= Róta =

Valkyrie in Norse mythology

In Norse mythology, Róta is a valkyrie. Róta is attested in chapter 36 of the Prose Edda book Gylfaginning, where she is mentioned alongside the valkyries Gunnr and Skuld, and the three are described as "always [riding] to choose who shall be slain and to govern the killings." Otherwise, Róta appears in two kennings, one by Egill Skallagrímsson and one by Hallfreðr vandræðaskáld. Theories have been proposed about the possible appearance of Róta in Gesta Danorum and the meaning of her name.

==Theories==

===Name===
According to Guðbrandur Vigfússon, the name Róta is connected to the Old Norse noun róta (meaning "sleet and storm") and Róta is "a goddess who sends storm and rain."

===Gesta Danorum===
In book two of Gesta Danorum, a female by the name of "Ruta" is mentioned:

Arise too, Ruta, and show your snow-pale head,
come forth from hiding and issue into battle.
The outdoor carnage beckons you; fighting now
shakes the court, harsh strife batters the gates.

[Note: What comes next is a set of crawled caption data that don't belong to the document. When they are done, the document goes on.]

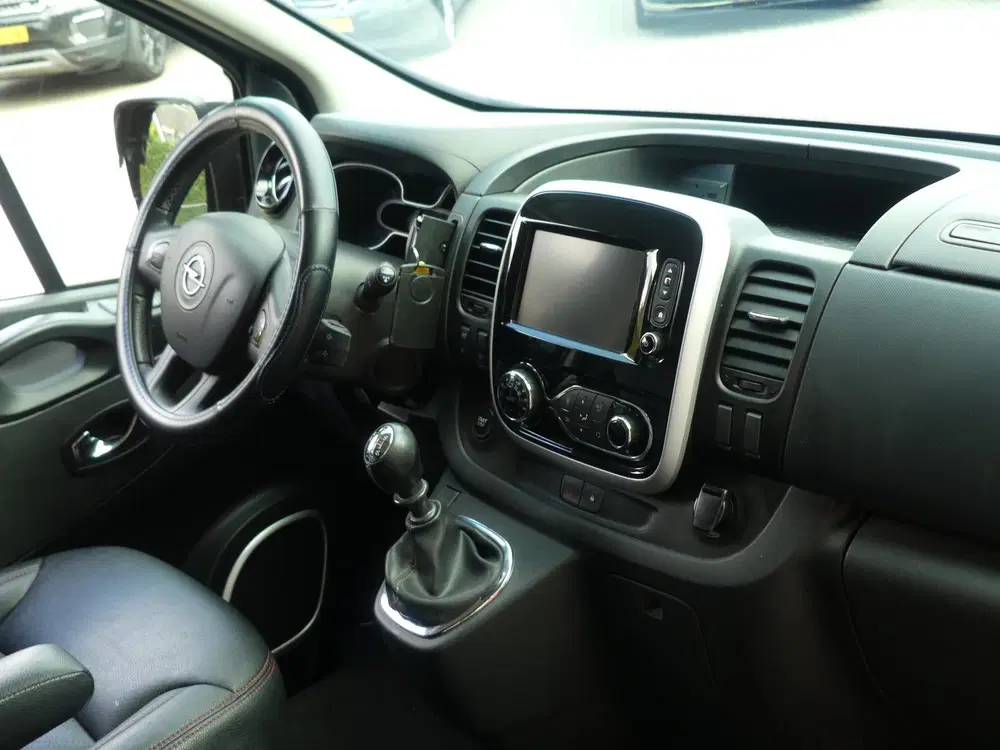 Opel Vivaro 1.6 CDTI 146PK Irmscher GT Dubbel Cabine uit 2019, foto 2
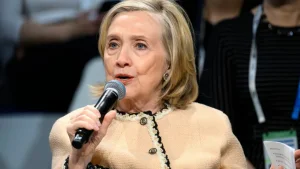 Hillari Klinton Trampning Ukraina siyosatini tanqid qildi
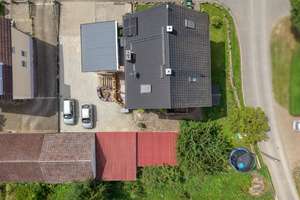 Umfangreich saniertes Wohnhaus mit ca. 260 m² Wohnfläche in ruhiger Ortsrandlage - Memmelsdorf - OT – Die vollständige Adresse der Immobilie erhältst du vom Anbieter., 96117 Memmelsdorf – Vorschaubild 43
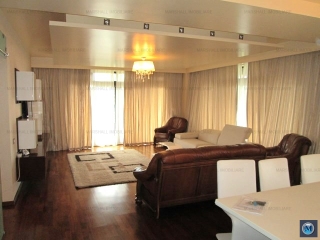 Apartament 3 camere de vanzare, zona Albert, 211 mp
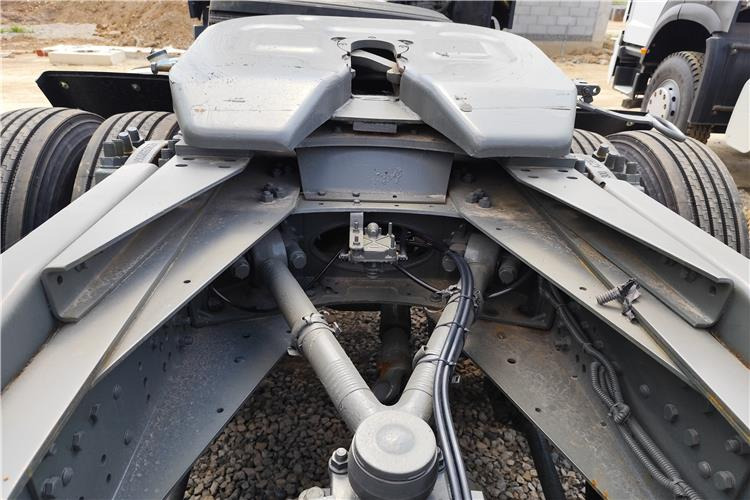 Sinotruk Used Sitrak Tractor Truck 6x4 for Sale In Uganda - Tracteur routier: photos 3 Sinotruk Used Sitrak Tractor Truck 6x4 for Sale In Uganda - Tracteur routier: photos 3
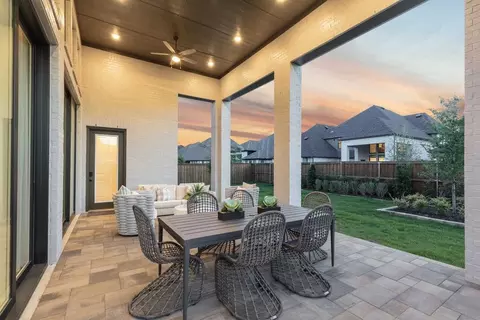 Exterior - 2805 Wembley Ct, Celina, TX 75009 photo 4 of 20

Axel Olrik considered this as an isolated reference to Hrólfr Kraki's widow Hrut mourning on the battlefield with blond hair. Hilda Ellis Davidson says "it seems more probable that it is a reference to the deathly pale head of the valkyrie, the spirit brooding over the battlefield personifying slaughter, who is summoned at the outset of battle." Davidson points out that Róta is the name of a valkyrie, and that "it seems preferable to assume" this to Olrik's theory. Davidson says that while this is, however, complicated by an earlier mention in book two of Hrólfr Kraki's sister and Bödvar Bjarki's wife Hrut, yet this Hrut is not found elsewhere as a female name.

In book six of Gesta Danorum, a figure by the name of "Rothi" is mentioned:

Say, Rothi, perpetual mocker of cowards, do you think
we have made Frothi adequate restitution
by paying him seven deaths in revenge for one?
See, they are borne lifeless who gave you homage
only in show and beneath subserviance planned
treachery."

According to Davidson, this "Rothi" may be the same as Róta, though it has been alternately theorized that "Rothi" may be a name of Odin.